Global food prices will ease, but stay high

30 May, 2008

Global food prices will fall from record peaks in the next few years, but the cost of feeding the family will still be far higher than in the past decade, an international study forecast on Thursday.
The recent price surge has added to the number of people in extreme hunger and some humanitarian aid is "urgently required," the OECD said in a joint survey with the UN Food and Agriculture Organisation (FAO).
But they warned that food subsidies and trade protection are not the answer, saying that high prices might even be part of the solution by stimulating neglected investment in agriculture in poor countries. Raising food supplies in poor countries also depended on raising the quality of government and improving policies in fields from infrastructure to property rights, the Organisation for Economic Cooperation and Development and the FAO said.
The survey also warned that the price bubble had endangered the UN Millennium Development Goal of eradicating hunger, and it was strongly sceptical about the benefits of agriculture-based biofuels.

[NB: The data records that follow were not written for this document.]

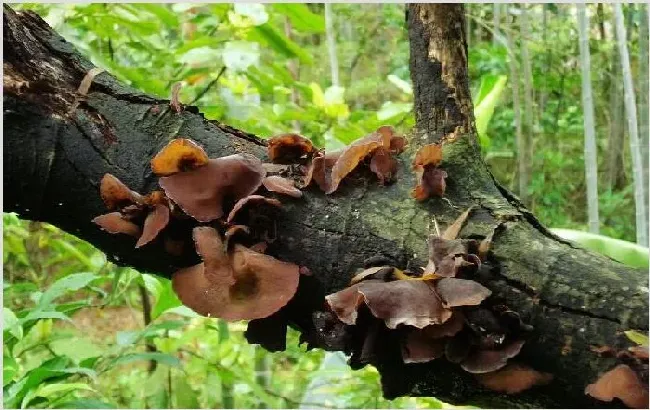 黑木耳种植技术 黑木耳种植的方法是什么？ | 农业技术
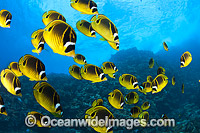 Schooling Butterflyfish Photo - David Fleetham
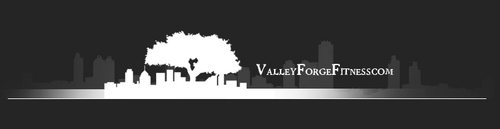 ProjectSELFFY's profile picture. Valley Forge Fitness was created to help you enjoy outdoor fitness training while helping you discover how teamwork as well as competition preclude success.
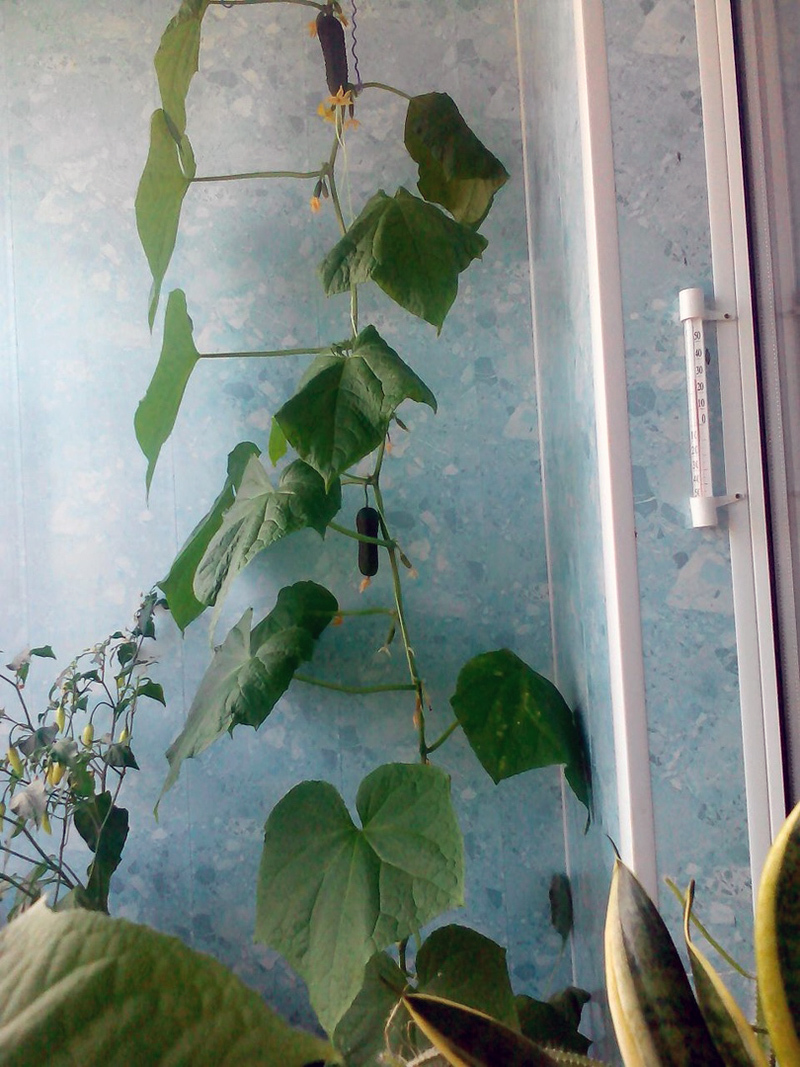 Cucumbers for the New Year. - My, Cucumbers, Vegetable garden on the windowsill, Hydroponics, Longpost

However, the "transitory nature" of some of the factors behind the recent trend meant that prices would fall from record peaks. In a separate report, the FAO listed 22 mainly African countries which it said were "especially vulnerable" to rising food and fuel prices because of high levels of chronic hunger, dependency on imports of petroleum products, and a reliance on imports of major grains like rice and wheat.
Eritrea, Niger, the Comoro Islands, Botswana, Haiti and Liberia face all three risk factors, the report notes. The other countries, in order of severity, are Burundi, Tajikistan, Sierra Leone, Zimbabwe, Ethiopia, Zambia, the Central African Republic, Mozambique, Tanzania, Guinea-Bissau, Madagascar, Malawi, Cambodia, North Korea, Rwanda and Kenya.